More info: https://msdata.visualstudio.com/DefaultCollection/AlgorithmsAndDataScience/_build/results?buildId=2265907

In which platform does it happen?

miguelgfierro commented 5 years ago

I got a weird error:

    @pytest.mark.smoke
    @pytest.mark.gpu
    @pytest.mark.deeprec
    def test_notebook_dkn(notebooks):
        notebook_path = notebooks["dkn_quickstart"]
        pm.execute_notebook(
            notebook_path,
            OUTPUT_NOTEBOOK,
            kernel_name=KERNEL_NAME,
            parameters=dict(epoch=1),
        )
        results = pm.read_notebook(OUTPUT_NOTEBOOK).dataframe.set_index("name")["value"]

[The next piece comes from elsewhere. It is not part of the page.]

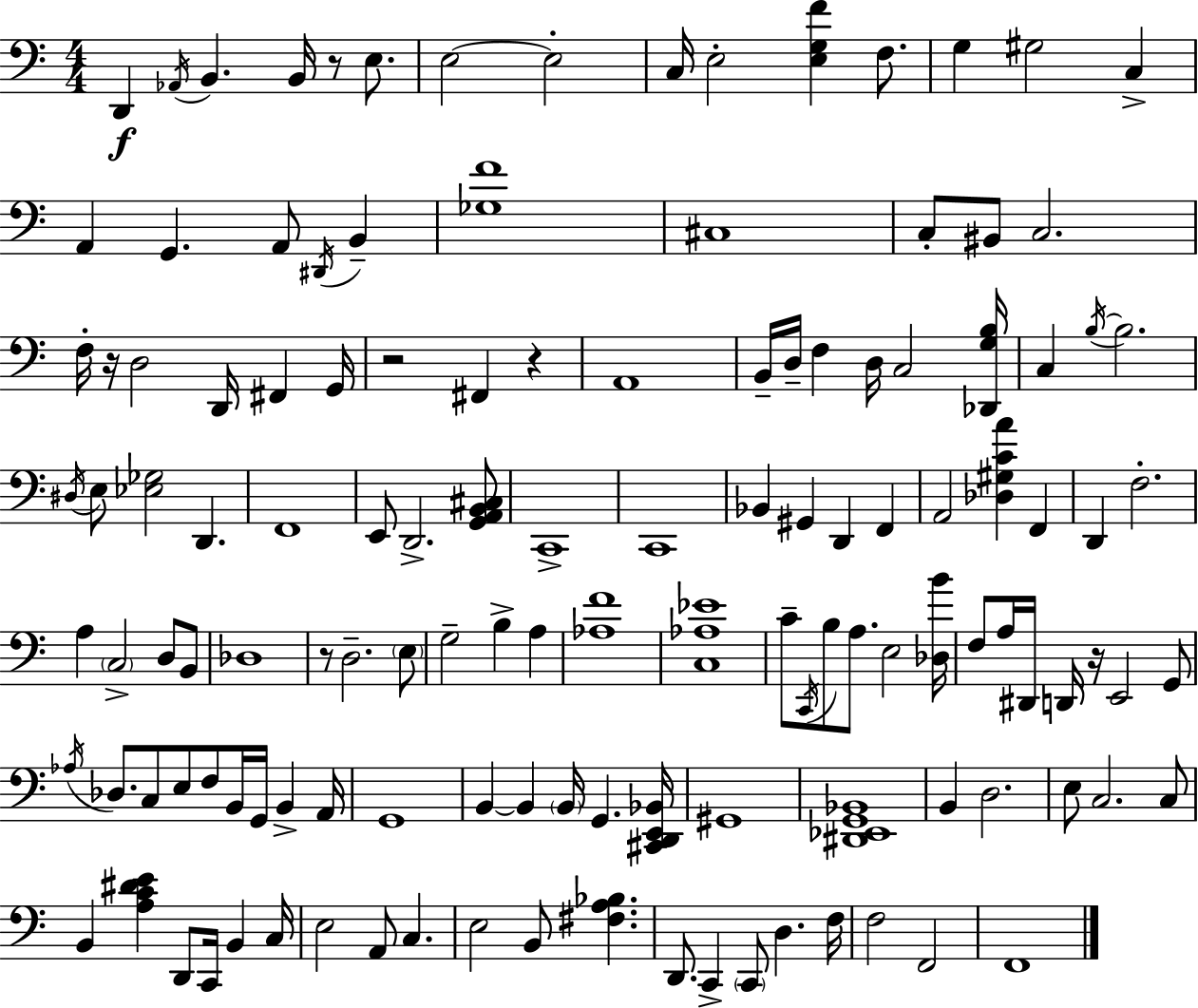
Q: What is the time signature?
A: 4/4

        assert results["res"]["auc"] == pytest.approx(0.4707, TOL2)
        assert results["res"]["acc"] == pytest.approx(0.5725, TOL2)
>       assert results["res"]["f1"] == pytest.approx(0.7281, TOL2)
E       assert 0.0 == 0.7281 ± 3.6e-01
E        +  where 0.7281 ± 3.6e-01 = <function approx at 0x7f10034c87b8>(0.7281, 0.5)
E        +    where <function approx at 0x7f10034c87b8> = pytest.approx

tests/smoke/test_notebooks_gpu.py:126: AssertionError
anargyri commented 5 years ago

This does not look good. You should not get zero F1 score.
Could you double check the initialization and the hyperparameters?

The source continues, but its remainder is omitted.